The problem for some doctors is a personal one, where if the patient meets all the requirements of assisted dying but is physically unable to take a drug himself, the doctor has to intravenously administer or inject it. Some see that as culpable homicide, while others do not.
As Canadians we have rights and freedoms that enable us to choose our religion, practise free speech, and have an abortion. Why should we not have the right to end our lives when and in a manner we want, that is not dangerous or detrimental to the public at large? The argument for keeping people alive because of the “sanctity of human life” is wearing thin with the majority of the population. Living in pain, life prolonged by expensive machines and drugs against one’s own wishes, seems to be coming to an end.

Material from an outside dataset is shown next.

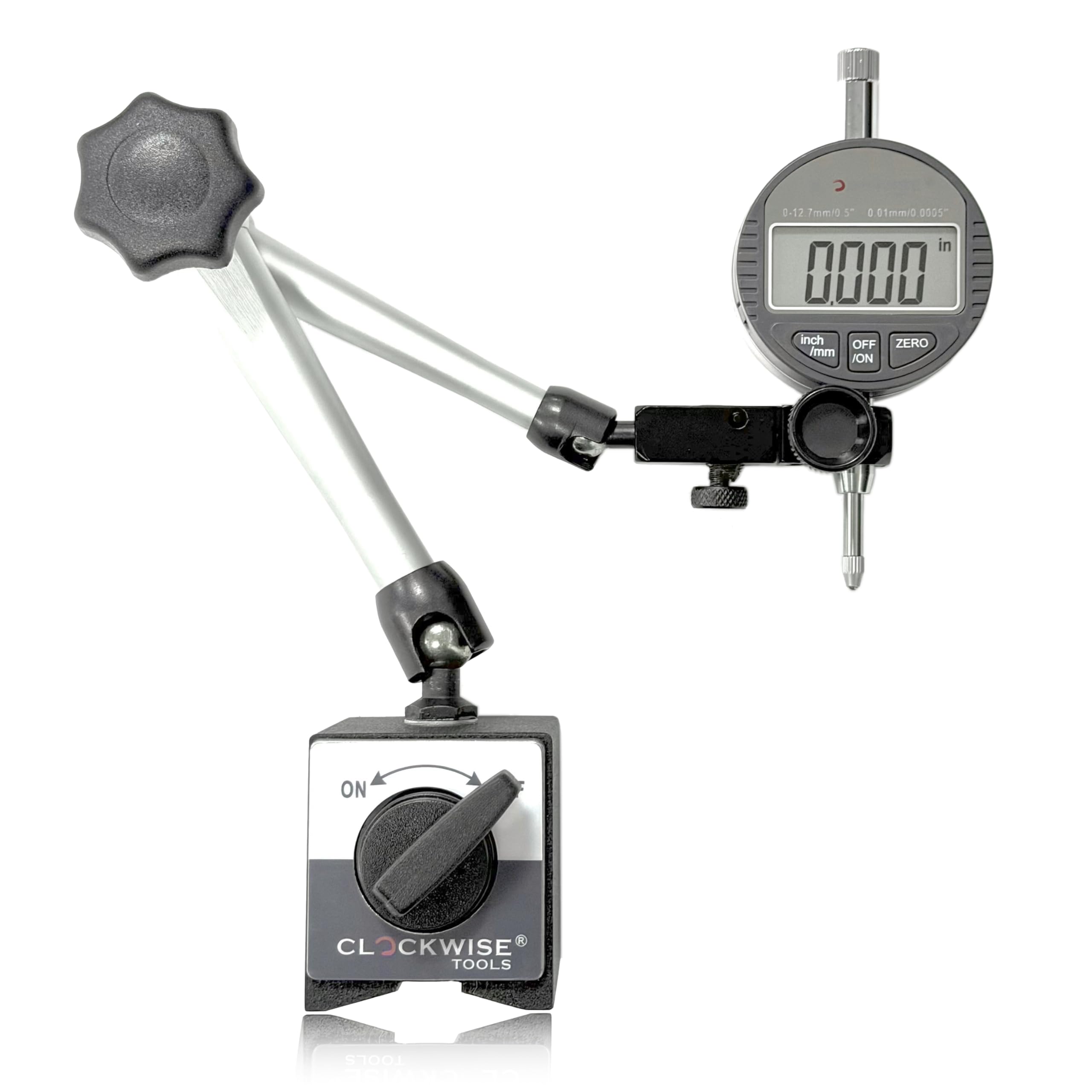 Clockwise Tools DIBR-0055 Indicador digital con soporte de base magnética, 0-0.5 pulgadas/12.7 mm, conversión métrica/pulgada, apagado automático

Today we live in a secular society where the church has lost its grip on power and faith is now considered a private matter. Religious groups have no right to impose their core beliefs on a society that doesn’t care or finds those beliefs offensive. The moment of death is a time of life where we will all be, sooner or later, and when it comes to determining the hour of our passing when in the face of unbearable suffering, it is a matter of private conscience and personal strength. No one can say what is right for someone else.
In 1991 the Supreme Court refused Sue Rodriguez’s request to be legally allowed assistance to die, holding up the notion of “sanctity of life,” the word “sanctity” meaning “the state or quality of being being holy, sacred, or saintly.” In 2016, the sanctity of life seems less important than the absence of prolonged suffering unto death.